When you copy the listing, skip the images and return each line verbatim.

• [Source data]:

_____

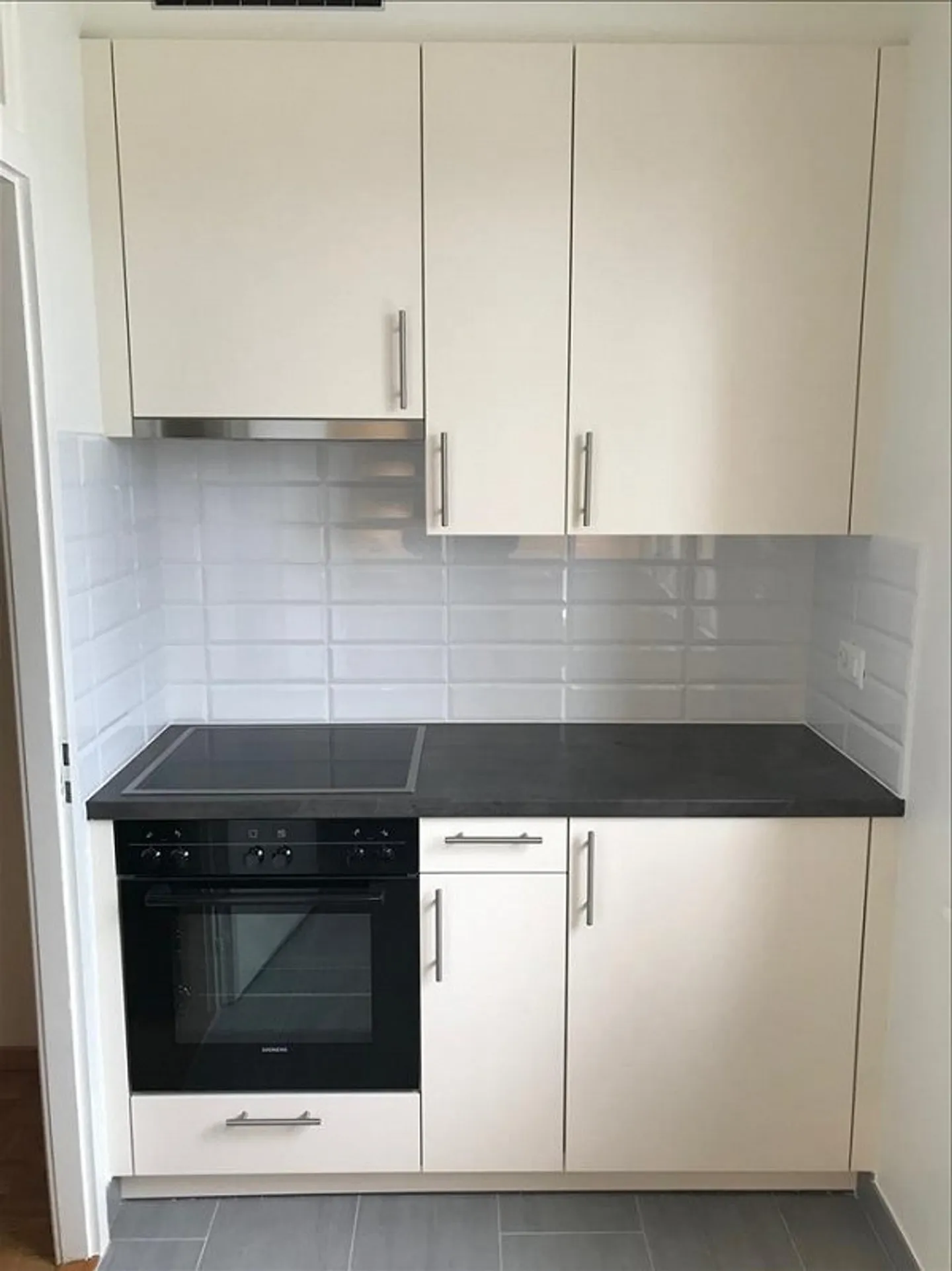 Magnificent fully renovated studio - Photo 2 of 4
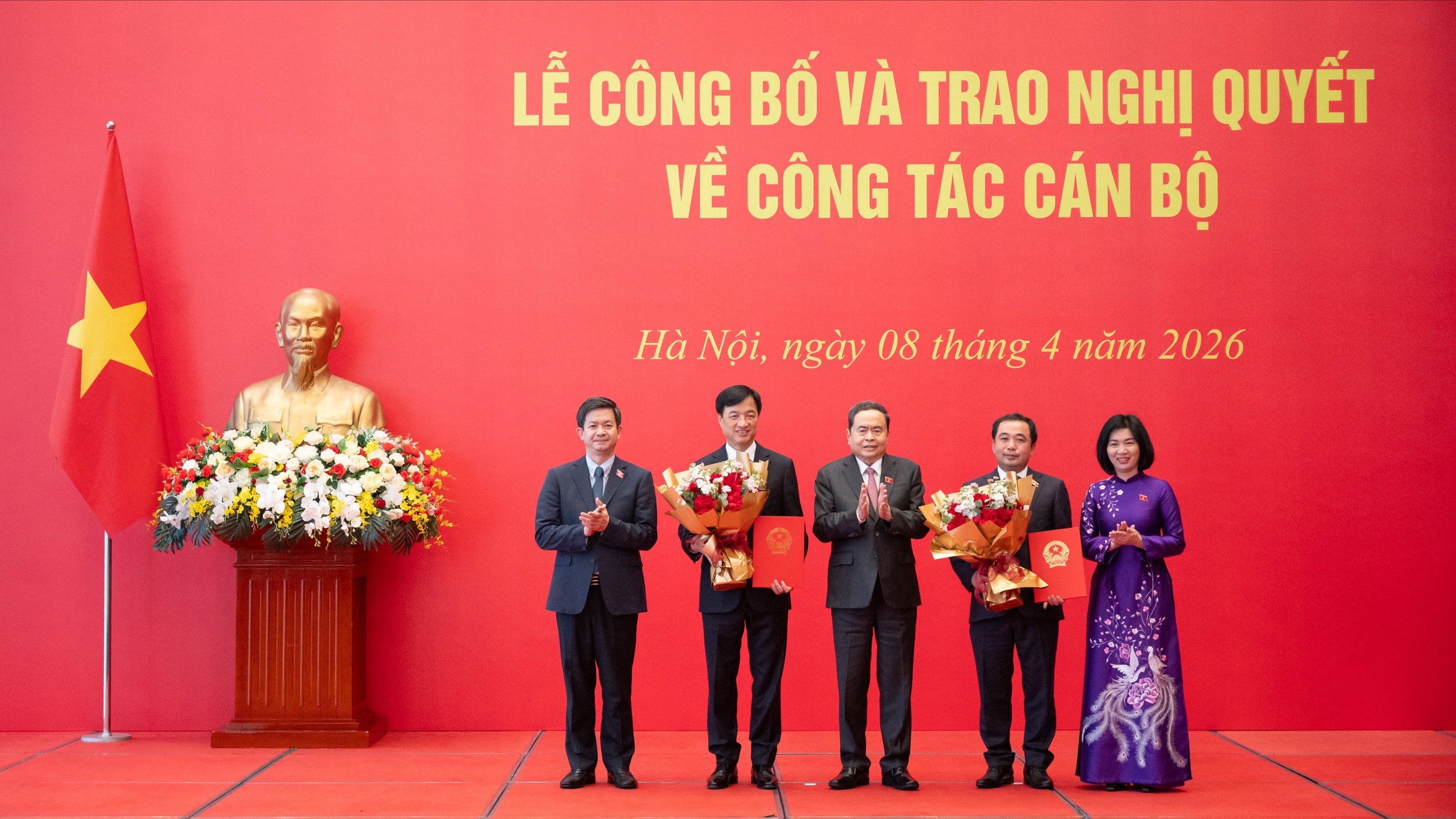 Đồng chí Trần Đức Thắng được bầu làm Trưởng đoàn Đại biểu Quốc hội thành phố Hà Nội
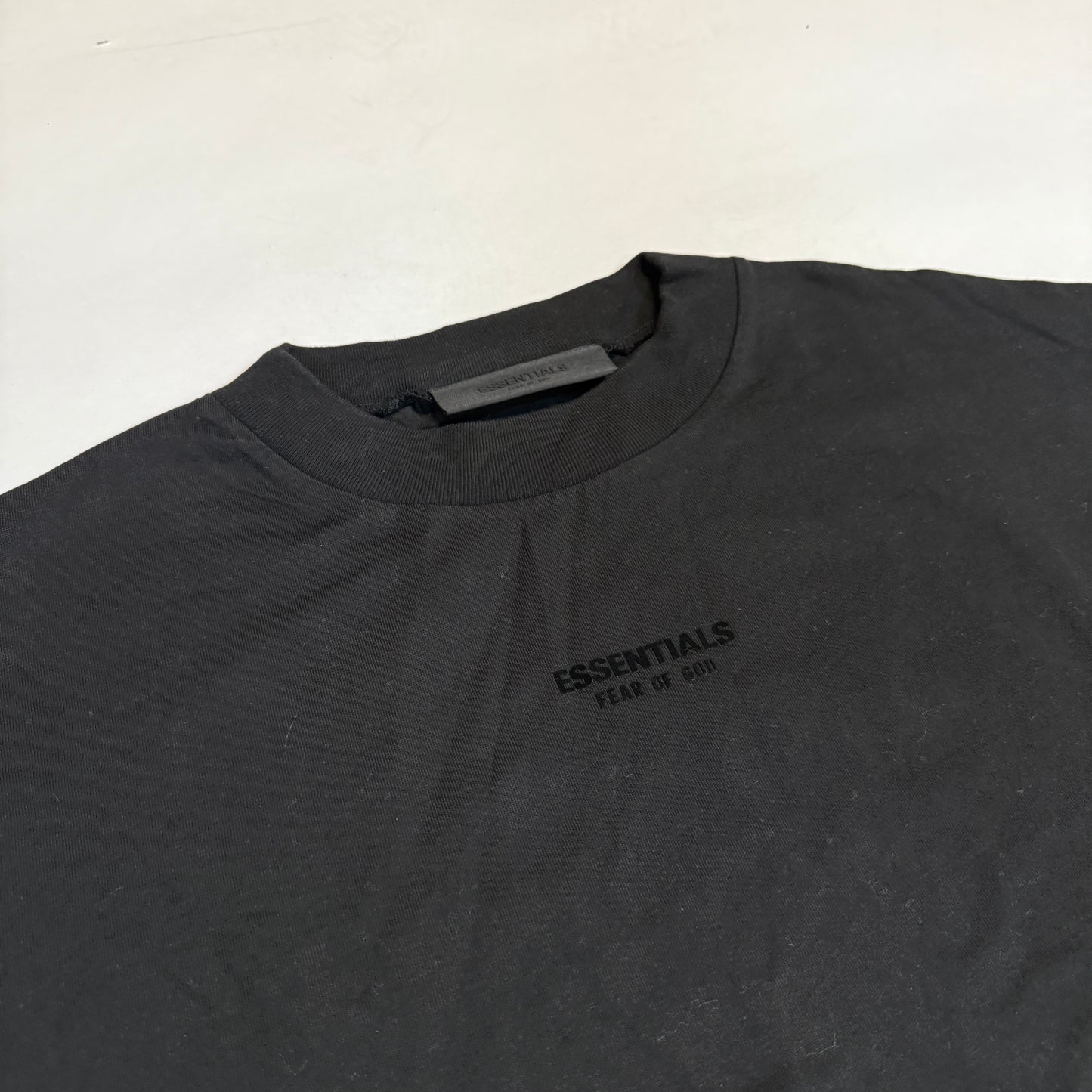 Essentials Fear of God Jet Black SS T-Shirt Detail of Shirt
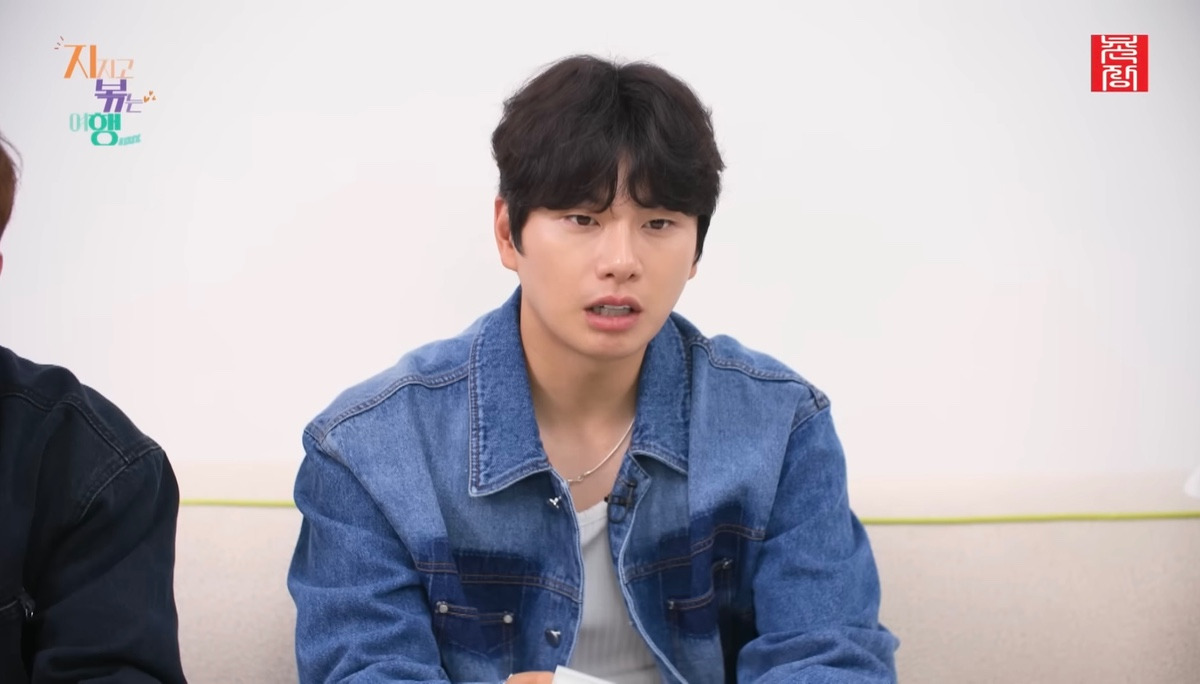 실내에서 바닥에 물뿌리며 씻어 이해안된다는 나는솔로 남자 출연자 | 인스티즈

_____

• [Exercise answer]:
 Magnificent fully renovated studio - Photo 2 of 4
 Đồng chí Trần Đức Thắng được bầu làm Trưởng đoàn Đại biểu Quốc hội thành phố Hà Nội
 Essentials Fear of God Jet Black SS T-Shirt Detail of Shirt
 실내에서 바닥에 물뿌리며 씻어 이해안된다는 나는솔로 남자 출연자 | 인스티즈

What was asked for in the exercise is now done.